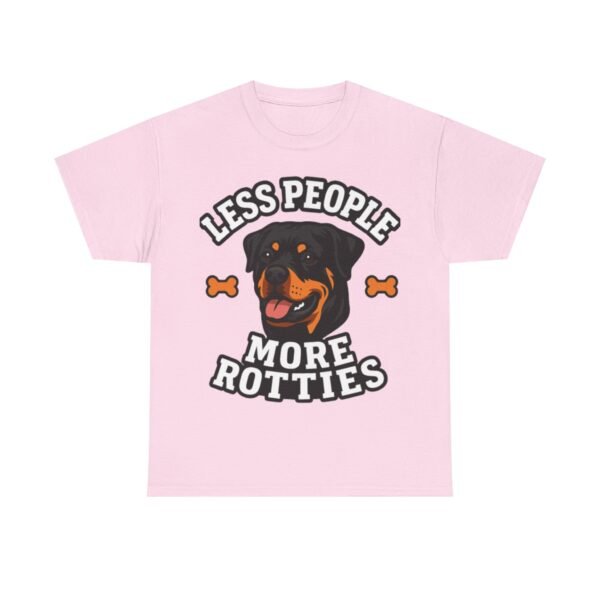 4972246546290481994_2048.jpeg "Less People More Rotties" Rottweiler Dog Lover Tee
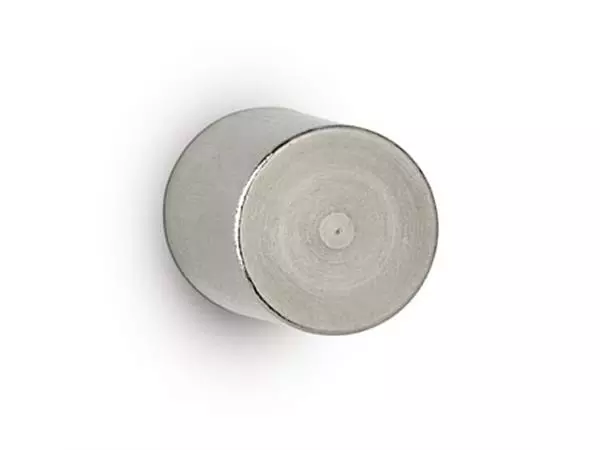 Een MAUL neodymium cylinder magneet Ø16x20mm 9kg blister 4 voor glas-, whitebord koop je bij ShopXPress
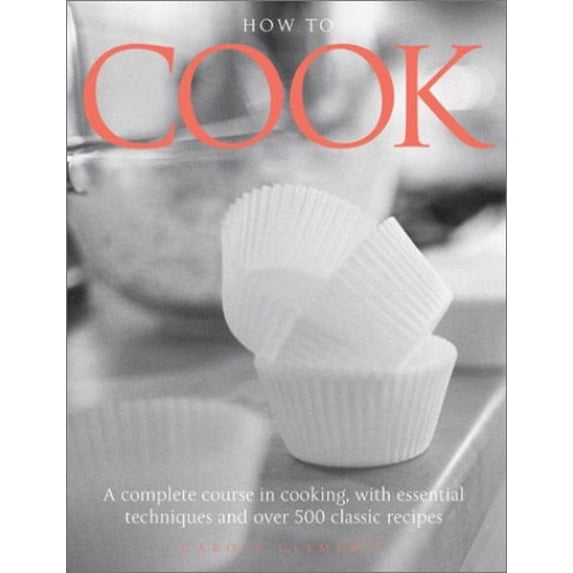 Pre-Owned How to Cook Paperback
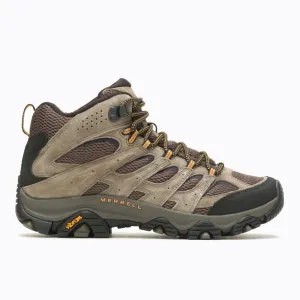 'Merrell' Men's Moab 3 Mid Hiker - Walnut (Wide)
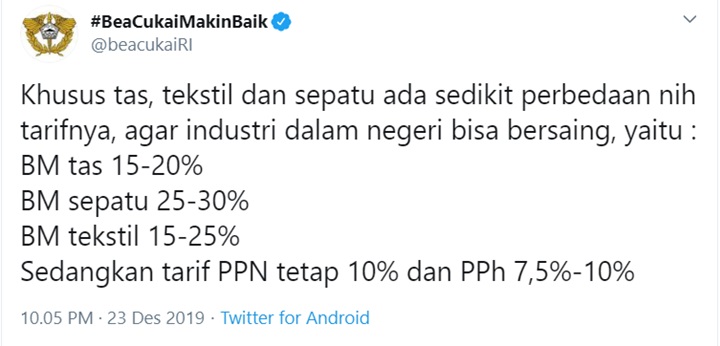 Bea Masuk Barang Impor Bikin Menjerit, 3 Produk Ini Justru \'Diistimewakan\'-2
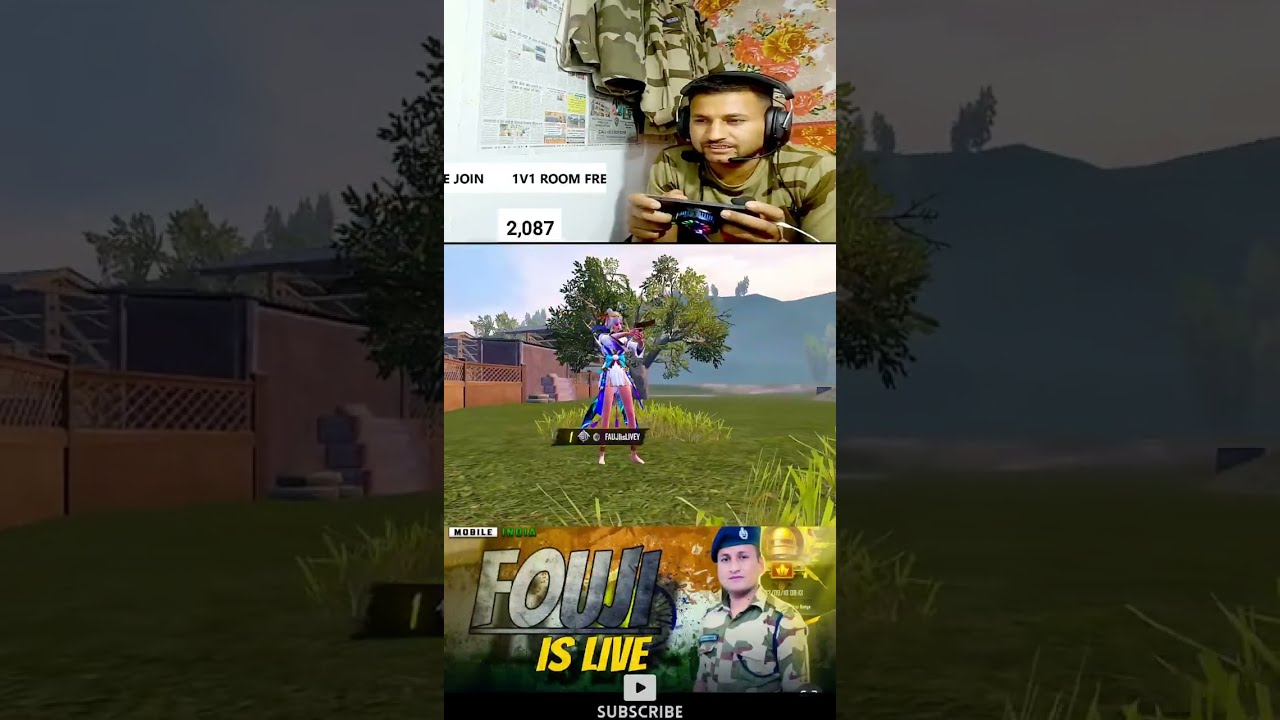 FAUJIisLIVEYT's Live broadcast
______
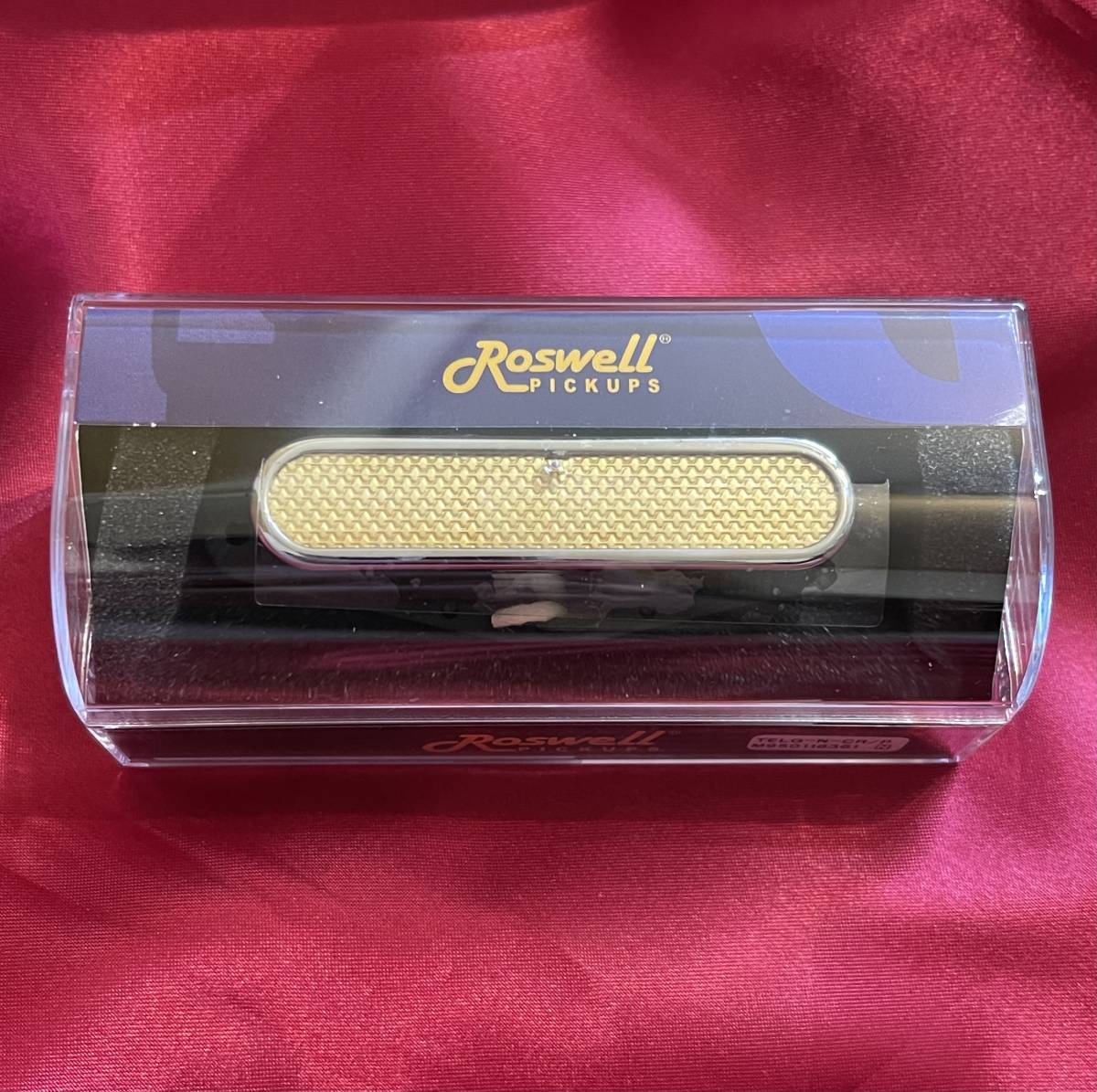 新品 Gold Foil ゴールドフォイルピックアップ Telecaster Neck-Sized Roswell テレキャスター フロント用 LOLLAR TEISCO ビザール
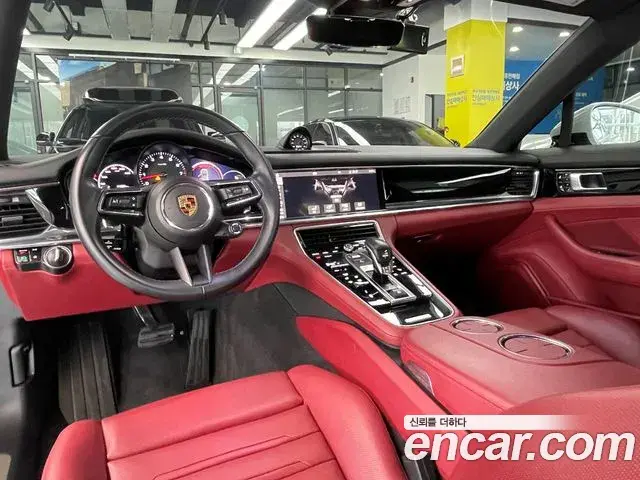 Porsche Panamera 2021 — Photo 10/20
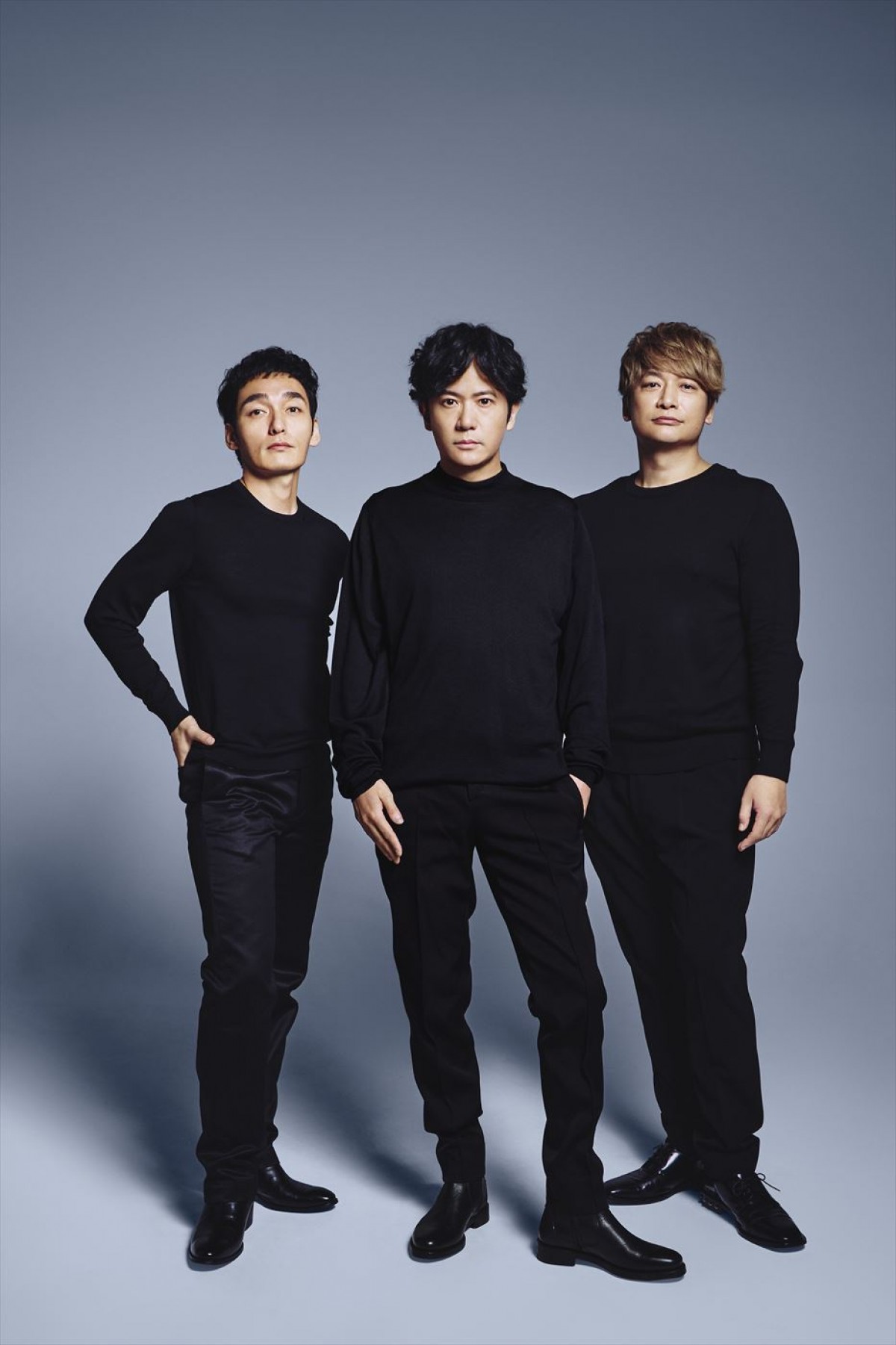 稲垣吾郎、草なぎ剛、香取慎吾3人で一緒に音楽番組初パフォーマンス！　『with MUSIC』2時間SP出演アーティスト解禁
______
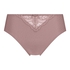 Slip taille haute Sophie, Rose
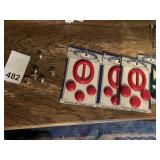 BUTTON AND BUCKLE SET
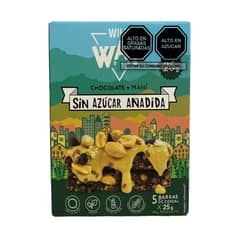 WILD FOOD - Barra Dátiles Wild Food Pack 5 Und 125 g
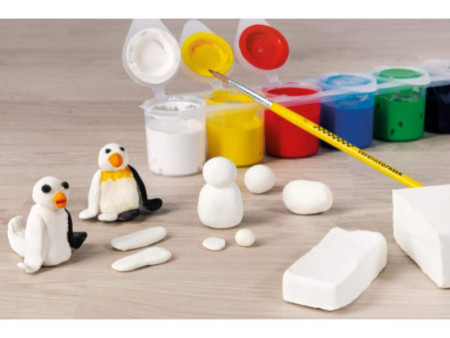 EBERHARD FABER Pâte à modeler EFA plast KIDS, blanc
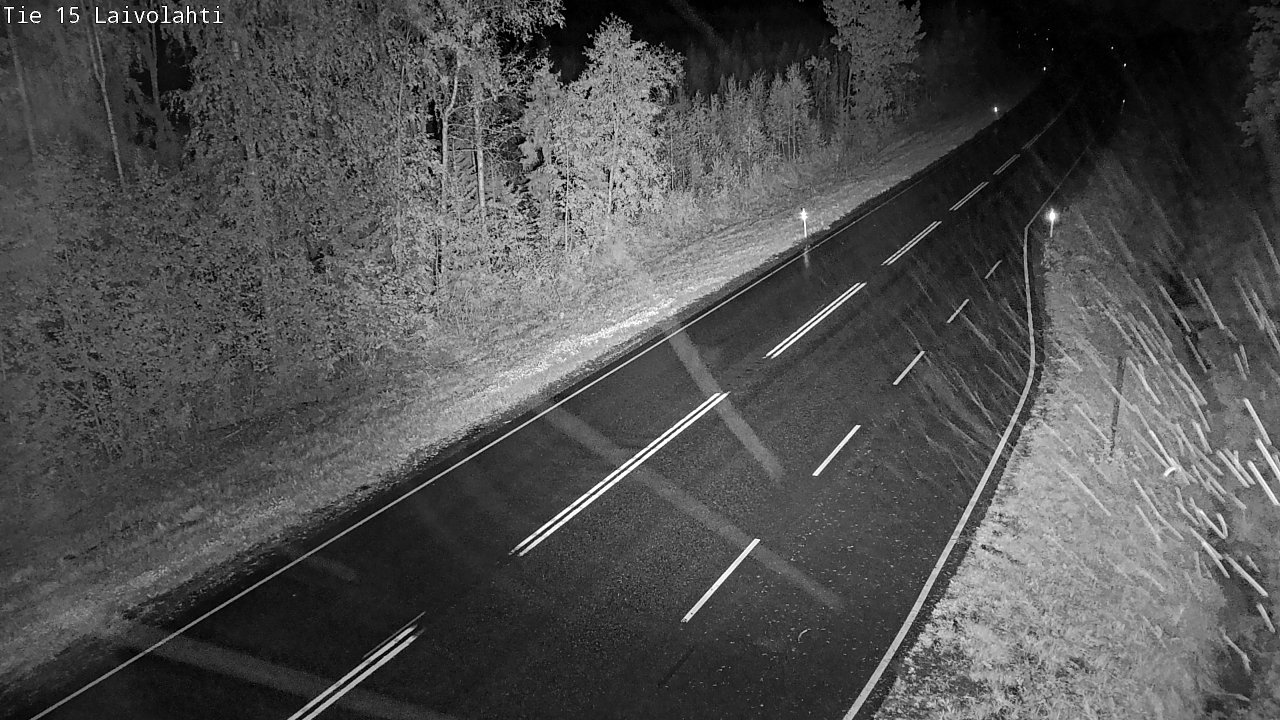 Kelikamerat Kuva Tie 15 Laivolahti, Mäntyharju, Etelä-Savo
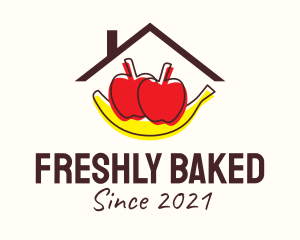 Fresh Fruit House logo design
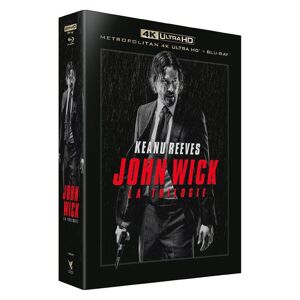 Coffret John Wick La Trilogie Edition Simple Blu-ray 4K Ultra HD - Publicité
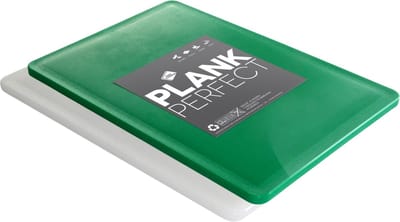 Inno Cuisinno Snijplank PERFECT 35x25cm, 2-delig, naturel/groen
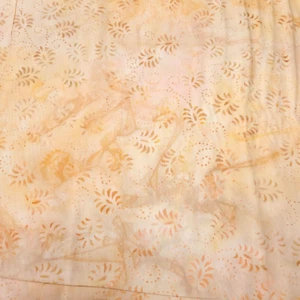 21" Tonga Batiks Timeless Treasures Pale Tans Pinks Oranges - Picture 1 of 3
______
→ **What you will do**:
Take the material above from the line bearing "WILD FOOD - Barra" through the line bearing "Picture 1 of 3" and write it out exactly, both end lines included. Pictures stay out.

→ **The answer**:
 WILD FOOD - Barra Dátiles Wild Food Pack 5 Und 125 g
 EBERHARD FABER Pâte à modeler EFA plast KIDS, blanc
 Kelikamerat Kuva Tie 15 Laivolahti, Mäntyharju, Etelä-Savo
 Fresh Fruit House logo design
 Coffret John Wick La Trilogie Edition Simple Blu-ray 4K Ultra HD - Publicité
 Inno Cuisinno Snijplank PERFECT 35x25cm, 2-delig, naturel/groen
 21" Tonga Batiks Timeless Treasures Pale Tans Pinks Oranges - Picture 1 of 3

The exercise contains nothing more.